**Exercise inputs:**

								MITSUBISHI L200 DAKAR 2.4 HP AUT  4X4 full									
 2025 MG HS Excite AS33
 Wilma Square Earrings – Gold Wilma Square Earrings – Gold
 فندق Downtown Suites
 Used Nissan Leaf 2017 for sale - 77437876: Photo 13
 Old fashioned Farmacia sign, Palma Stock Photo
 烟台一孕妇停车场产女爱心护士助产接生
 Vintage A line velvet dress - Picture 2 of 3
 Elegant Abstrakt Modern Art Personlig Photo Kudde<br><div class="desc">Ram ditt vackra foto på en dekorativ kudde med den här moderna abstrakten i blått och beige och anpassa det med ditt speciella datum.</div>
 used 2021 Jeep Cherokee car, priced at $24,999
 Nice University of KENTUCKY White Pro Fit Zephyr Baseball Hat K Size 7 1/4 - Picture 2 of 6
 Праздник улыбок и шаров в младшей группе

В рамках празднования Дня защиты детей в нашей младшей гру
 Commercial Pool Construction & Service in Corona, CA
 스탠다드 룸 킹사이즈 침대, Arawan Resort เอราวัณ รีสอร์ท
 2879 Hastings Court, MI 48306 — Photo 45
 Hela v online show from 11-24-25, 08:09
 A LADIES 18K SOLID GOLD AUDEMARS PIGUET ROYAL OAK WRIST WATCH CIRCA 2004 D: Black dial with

**Requirement:** Restate word for word the lines from the one holding "Commercial Pool Construction" through the last line of the listing, omitting every earlier line.

**Finished task:**
 Commercial Pool Construction & Service in Corona, CA
 스탠다드 룸 킹사이즈 침대, Arawan Resort เอราวัณ รีสอร์ท
 2879 Hastings Court, MI 48306 — Photo 45
 Hela v online show from 11-24-25, 08:09
 A LADIES 18K SOLID GOLD AUDEMARS PIGUET ROYAL OAK WRIST WATCH CIRCA 2004 D: Black dial with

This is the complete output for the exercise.